[Short text fragments from websites]
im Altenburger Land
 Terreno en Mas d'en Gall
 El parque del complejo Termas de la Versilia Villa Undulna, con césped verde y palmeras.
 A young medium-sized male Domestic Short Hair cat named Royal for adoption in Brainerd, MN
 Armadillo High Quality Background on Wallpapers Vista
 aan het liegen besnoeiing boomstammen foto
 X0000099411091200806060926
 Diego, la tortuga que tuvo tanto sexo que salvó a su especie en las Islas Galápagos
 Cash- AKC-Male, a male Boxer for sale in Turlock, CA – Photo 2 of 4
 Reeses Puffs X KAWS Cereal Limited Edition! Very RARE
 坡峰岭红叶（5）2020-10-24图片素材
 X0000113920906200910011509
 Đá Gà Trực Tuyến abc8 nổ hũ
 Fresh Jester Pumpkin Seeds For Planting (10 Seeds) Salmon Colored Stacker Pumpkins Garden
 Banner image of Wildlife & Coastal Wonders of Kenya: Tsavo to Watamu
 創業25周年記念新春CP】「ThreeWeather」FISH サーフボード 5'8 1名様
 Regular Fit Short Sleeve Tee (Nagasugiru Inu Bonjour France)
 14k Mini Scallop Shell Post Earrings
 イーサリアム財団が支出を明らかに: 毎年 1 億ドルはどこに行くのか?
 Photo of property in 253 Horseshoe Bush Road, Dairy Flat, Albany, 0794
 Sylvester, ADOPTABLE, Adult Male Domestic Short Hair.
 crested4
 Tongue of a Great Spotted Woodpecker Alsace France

## What needs to be done
What you return should consist solely of the lines from the one containing "14k Mini Scallop Shell Post Earrings" through the end of the entries above, reproduced exactly.

## Result of this task
 14k Mini Scallop Shell Post Earrings
 イーサリアム財団が支出を明らかに: 毎年 1 億ドルはどこに行くのか?
 Photo of property in 253 Horseshoe Bush Road, Dairy Flat, Albany, 0794
 Sylvester, ADOPTABLE, Adult Male Domestic Short Hair.
 crested4
 Tongue of a Great Spotted Woodpecker Alsace France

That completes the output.